WHAT THE EXERCISE ASKS - Exact copies of the lines from the one holding "T-shirt Moncler" through the last line of the entries below are to be printed, with pictures omitted.

Stored entries
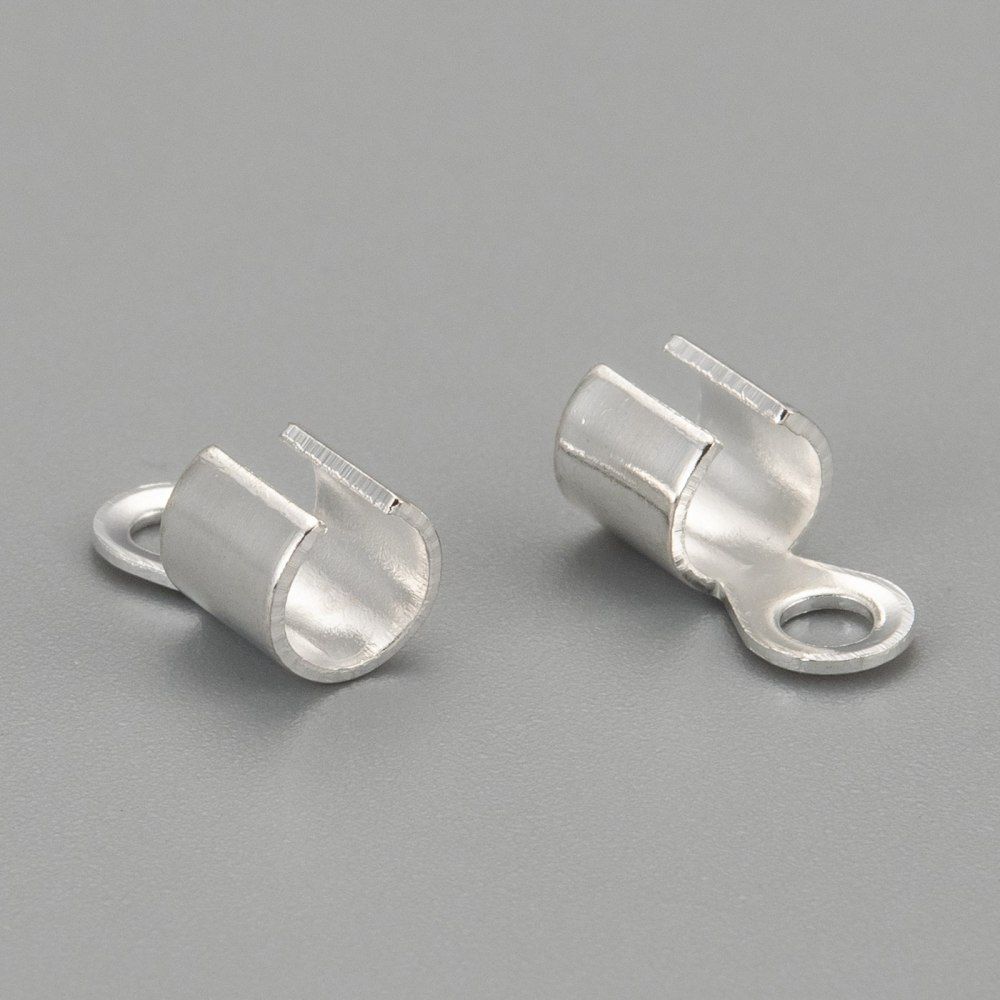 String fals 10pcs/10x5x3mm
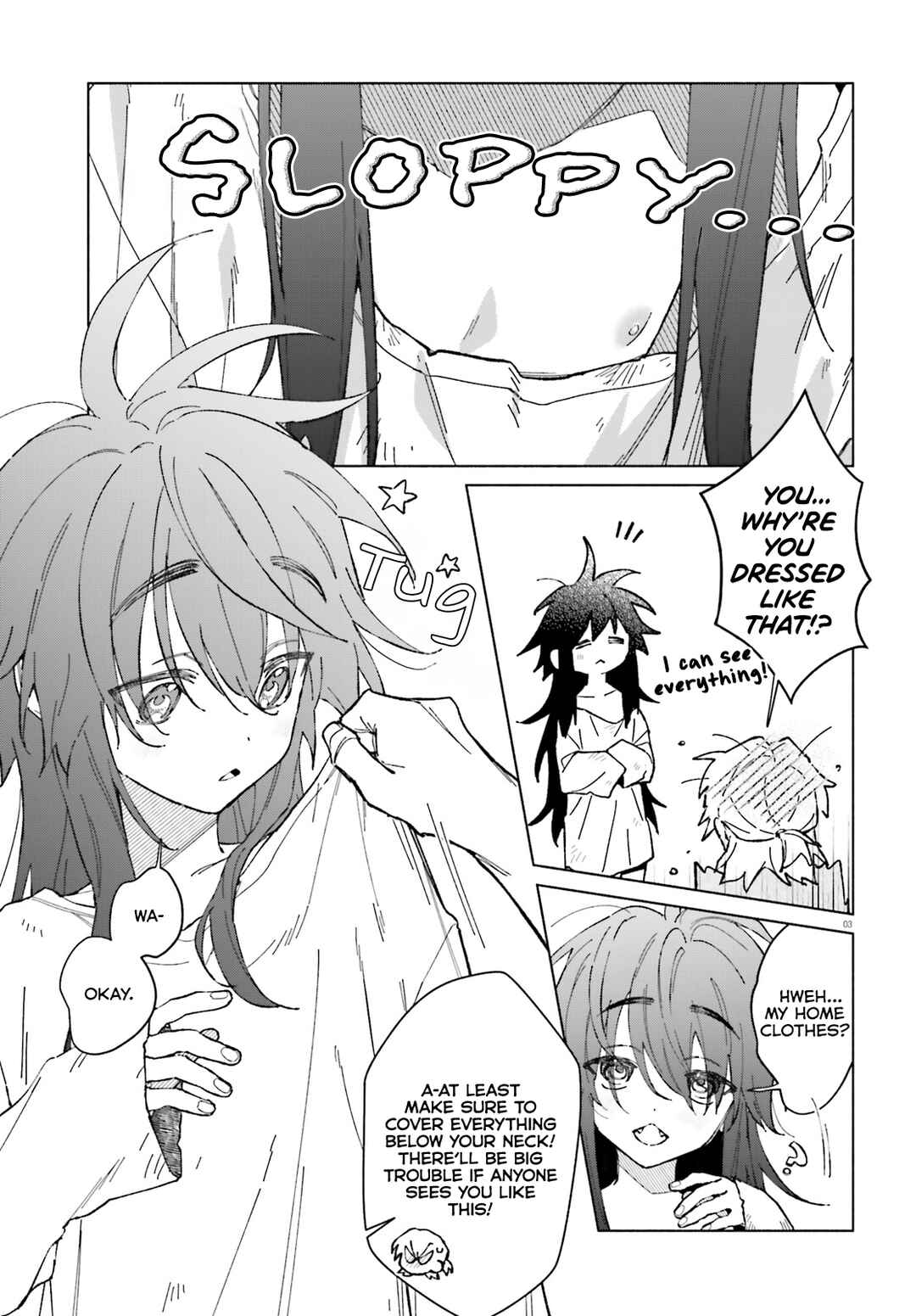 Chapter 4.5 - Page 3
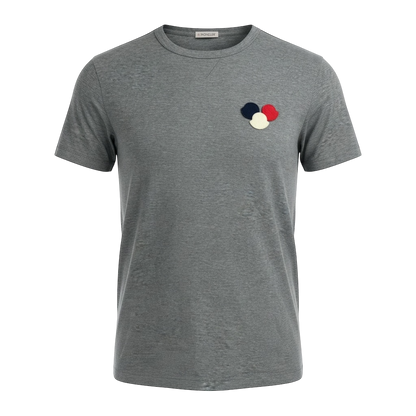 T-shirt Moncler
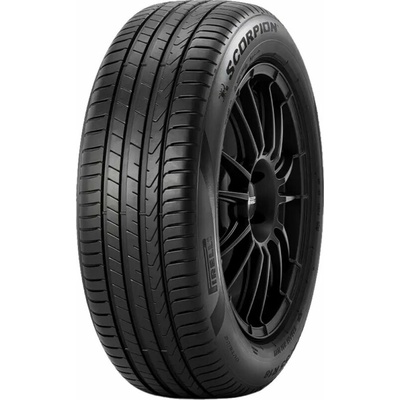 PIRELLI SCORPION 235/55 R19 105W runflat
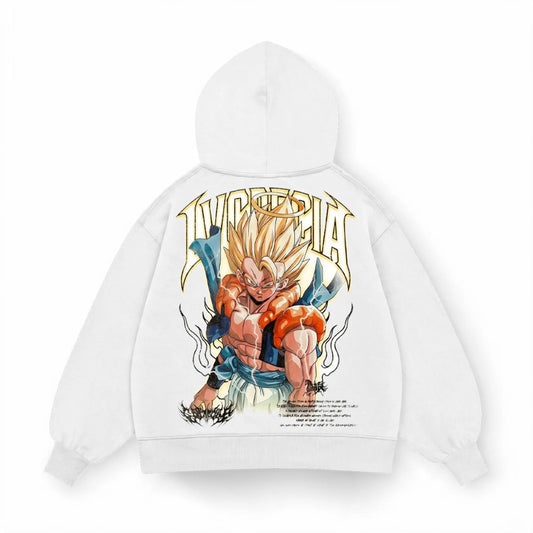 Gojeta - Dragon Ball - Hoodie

FINISHED EXERCISE -
 T-shirt Moncler
 PIRELLI SCORPION 235/55 R19 105W runflat
 Gojeta - Dragon Ball - Hoodie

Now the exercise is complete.